The current Indian legal position in this respect was set out in the 2018 judgement of the honourable Supreme Court in the case of Zhejiang Bonly Elevator Guide Rail Manufacture Co. Ltd. v. Jade Elevator Components. In Zhejiang Bonly, the Court dealt with an optional dispute resolution clause which specified as follows:
“Common processing contract disputes, the parties should be settled through consultation; consultation fails by treatment of to the arbitration body for arbitration or the court.” which simply means if amicable settlement could not be reached, the parties have both options readily available i.e, to opt for arbitration or litigation – without any further qualification.
Indian court decrees prior to the Quickheal case stated that the use of the word “may” in optional arbitration clauses indicates that there is no valid arbitration agreement at the outset and that any party electing to go for arbitration instead of litigation needs to seek fresh consent of the other.
In the Quickheal case, the relevant dispute resolution clause was discussed and it was held;
1.All disputes under this Agreement shall be thoroughly discussed for resolution by the designated personnel of each party, and if such disputes cannot be resolved within 30 days, the same may be referred to arbitration as stated below.
2.Disputes under this agreement shall be referred to arbitration as per the Arbitration and Conciliation Act, 1996 as amended from time to time.
3.Subject to the provisions of this Clause, the Courts in Pune shall have exclusive jurisdiction in dispute resolution and the parties may pursue any remedy available to them at law or equity.”

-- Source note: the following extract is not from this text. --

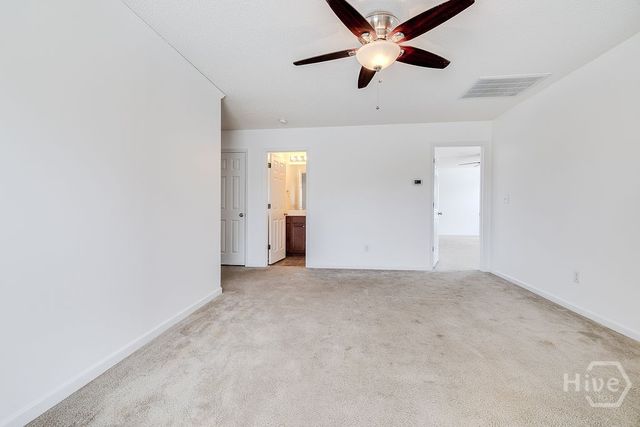 301 Southwilde Way, Pooler, GA 31322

The Court interpreted the above clause to mean that there was no valid arbitration agreement as such. In doing so, the Court differentiated between clauses which grant an option to both parties to arbitrate their dispute without expressly referring to the option to litigate in the same breadth and clauses which specify that the parties “shall” resolve their dispute by either arbitration or litigation.
The effect of the Court’s order is such that in the first scenario, a party needs to obtain fresh consent of the other party before commencing arbitration. However in the second scenario, there is presumed consent granted by both the parties for arbitration as well as litigation, and a party simply needs to choose either option to make it binding on the other.
An optional arbitration clause which states that a party “may” arbitrate should not be construed as an invalid arbitration agreement. Doing so would definitely impact India’s march towards being a pro-arbitration regime.
However, till the time Indian judiciary gives a relook at this issue, parties should draft their arbitration clauses in definitive language, and if the clauses provide for any optionality, the parties should avoid the term “may” and clearly set out if any further consent of the other party is required before exercising such option.